Scraped caption text data
******

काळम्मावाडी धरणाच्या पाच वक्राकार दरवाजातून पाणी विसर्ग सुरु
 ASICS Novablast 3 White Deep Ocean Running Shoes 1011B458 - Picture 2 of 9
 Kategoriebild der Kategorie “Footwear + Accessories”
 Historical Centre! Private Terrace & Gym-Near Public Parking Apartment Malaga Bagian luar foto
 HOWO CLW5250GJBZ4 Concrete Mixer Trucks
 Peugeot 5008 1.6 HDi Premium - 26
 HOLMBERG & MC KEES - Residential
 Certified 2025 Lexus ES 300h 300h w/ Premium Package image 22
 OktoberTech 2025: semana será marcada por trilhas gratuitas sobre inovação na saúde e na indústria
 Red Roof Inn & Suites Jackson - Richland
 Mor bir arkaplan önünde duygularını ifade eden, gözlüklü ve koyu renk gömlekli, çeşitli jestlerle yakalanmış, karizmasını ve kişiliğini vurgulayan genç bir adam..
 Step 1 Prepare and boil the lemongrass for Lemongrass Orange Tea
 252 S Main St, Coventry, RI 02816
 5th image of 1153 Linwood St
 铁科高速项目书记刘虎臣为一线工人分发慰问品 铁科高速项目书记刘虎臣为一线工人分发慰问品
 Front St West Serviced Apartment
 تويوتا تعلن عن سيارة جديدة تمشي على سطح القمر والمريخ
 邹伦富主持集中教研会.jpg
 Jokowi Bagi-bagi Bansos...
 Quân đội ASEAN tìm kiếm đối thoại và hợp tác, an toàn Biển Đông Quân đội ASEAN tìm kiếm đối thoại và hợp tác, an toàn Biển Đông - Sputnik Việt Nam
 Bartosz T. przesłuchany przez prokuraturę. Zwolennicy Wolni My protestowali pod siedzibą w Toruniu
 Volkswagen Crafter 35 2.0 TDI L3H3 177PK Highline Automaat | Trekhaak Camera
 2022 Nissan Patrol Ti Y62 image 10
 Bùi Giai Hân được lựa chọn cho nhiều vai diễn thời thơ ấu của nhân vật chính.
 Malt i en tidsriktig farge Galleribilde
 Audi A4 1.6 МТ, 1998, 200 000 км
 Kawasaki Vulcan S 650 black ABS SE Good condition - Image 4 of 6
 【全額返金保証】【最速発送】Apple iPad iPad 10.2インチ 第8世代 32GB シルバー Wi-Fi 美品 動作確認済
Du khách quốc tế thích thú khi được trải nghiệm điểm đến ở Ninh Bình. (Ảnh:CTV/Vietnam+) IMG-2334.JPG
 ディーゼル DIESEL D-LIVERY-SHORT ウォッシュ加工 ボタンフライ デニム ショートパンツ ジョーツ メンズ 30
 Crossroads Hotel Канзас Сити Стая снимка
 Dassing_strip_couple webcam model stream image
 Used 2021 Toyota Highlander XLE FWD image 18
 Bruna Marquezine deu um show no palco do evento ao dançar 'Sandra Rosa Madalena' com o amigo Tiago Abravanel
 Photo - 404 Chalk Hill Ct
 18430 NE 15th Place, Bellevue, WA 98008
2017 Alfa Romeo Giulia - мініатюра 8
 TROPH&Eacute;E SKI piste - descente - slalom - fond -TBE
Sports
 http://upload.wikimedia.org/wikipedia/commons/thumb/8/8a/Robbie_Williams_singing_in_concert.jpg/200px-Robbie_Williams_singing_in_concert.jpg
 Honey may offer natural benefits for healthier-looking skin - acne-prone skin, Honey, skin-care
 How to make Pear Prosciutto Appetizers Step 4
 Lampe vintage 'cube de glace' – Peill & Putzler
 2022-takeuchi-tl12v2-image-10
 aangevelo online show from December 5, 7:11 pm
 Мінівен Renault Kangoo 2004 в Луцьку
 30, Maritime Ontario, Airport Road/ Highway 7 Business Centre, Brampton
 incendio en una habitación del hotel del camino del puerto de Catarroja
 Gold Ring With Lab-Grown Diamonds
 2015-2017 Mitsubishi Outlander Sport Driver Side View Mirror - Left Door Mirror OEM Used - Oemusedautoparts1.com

******

Give every entry once more, exactly as it reads.

काळम्मावाडी धरणाच्या पाच वक्राकार दरवाजातून पाणी विसर्ग सुरु
 ASICS Novablast 3 White Deep Ocean Running Shoes 1011B458 - Picture 2 of 9
 Kategoriebild der Kategorie “Footwear + Accessories”
 Historical Centre! Private Terrace & Gym-Near Public Parking Apartment Malaga Bagian luar foto
 HOWO CLW5250GJBZ4 Concrete Mixer Trucks
 Peugeot 5008 1.6 HDi Premium - 26
 HOLMBERG & MC KEES - Residential
 Certified 2025 Lexus ES 300h 300h w/ Premium Package image 22
 OktoberTech 2025: semana será marcada por trilhas gratuitas sobre inovação na saúde e na indústria
 Red Roof Inn & Suites Jackson - Richland
 Mor bir arkaplan önünde duygularını ifade eden, gözlüklü ve koyu renk gömlekli, çeşitli jestlerle yakalanmış, karizmasını ve kişiliğini vurgulayan genç bir adam..
 Step 1 Prepare and boil the lemongrass for Lemongrass Orange Tea
 252 S Main St, Coventry, RI 02816
 5th image of 1153 Linwood St
 铁科高速项目书记刘虎臣为一线工人分发慰问品 铁科高速项目书记刘虎臣为一线工人分发慰问品
 Front St West Serviced Apartment
 تويوتا تعلن عن سيارة جديدة تمشي على سطح القمر والمريخ
 邹伦富主持集中教研会.jpg
 Jokowi Bagi-bagi Bansos...
 Quân đội ASEAN tìm kiếm đối thoại và hợp tác, an toàn Biển Đông Quân đội ASEAN tìm kiếm đối thoại và hợp tác, an toàn Biển Đông - Sputnik Việt Nam
 Bartosz T. przesłuchany przez prokuraturę. Zwolennicy Wolni My protestowali pod siedzibą w Toruniu
 Volkswagen Crafter 35 2.0 TDI L3H3 177PK Highline Automaat | Trekhaak Camera
 2022 Nissan Patrol Ti Y62 image 10
 Bùi Giai Hân được lựa chọn cho nhiều vai diễn thời thơ ấu của nhân vật chính.
 Malt i en tidsriktig farge Galleribilde
 Audi A4 1.6 МТ, 1998, 200 000 км
 Kawasaki Vulcan S 650 black ABS SE Good condition - Image 4 of 6
 【全額返金保証】【最速発送】Apple iPad iPad 10.2インチ 第8世代 32GB シルバー Wi-Fi 美品 動作確認済
Du khách quốc tế thích thú khi được trải nghiệm điểm đến ở Ninh Bình. (Ảnh:CTV/Vietnam+) IMG-2334.JPG
 ディーゼル DIESEL D-LIVERY-SHORT ウォッシュ加工 ボタンフライ デニム ショートパンツ ジョーツ メンズ 30
 Crossroads Hotel Канзас Сити Стая снимка
 Dassing_strip_couple webcam model stream image
 Used 2021 Toyota Highlander XLE FWD image 18
 Bruna Marquezine deu um show no palco do evento ao dançar 'Sandra Rosa Madalena' com o amigo Tiago Abravanel
 Photo - 404 Chalk Hill Ct
 18430 NE 15th Place, Bellevue, WA 98008
2017 Alfa Romeo Giulia - мініатюра 8
 TROPH&Eacute;E SKI piste - descente - slalom - fond -TBE
Sports
 http://upload.wikimedia.org/wikipedia/commons/thumb/8/8a/Robbie_Williams_singing_in_concert.jpg/200px-Robbie_Williams_singing_in_concert.jpg
 Honey may offer natural benefits for healthier-looking skin - acne-prone skin, Honey, skin-care
 How to make Pear Prosciutto Appetizers Step 4
 Lampe vintage 'cube de glace' – Peill & Putzler
 2022-takeuchi-tl12v2-image-10
 aangevelo online show from December 5, 7:11 pm
 Мінівен Renault Kangoo 2004 в Луцьку
 30, Maritime Ontario, Airport Road/ Highway 7 Business Centre, Brampton
 incendio en una habitación del hotel del camino del puerto de Catarroja
 Gold Ring With Lab-Grown Diamonds
 2015-2017 Mitsubishi Outlander Sport Driver Side View Mirror - Left Door Mirror OEM Used - Oemusedautoparts1.com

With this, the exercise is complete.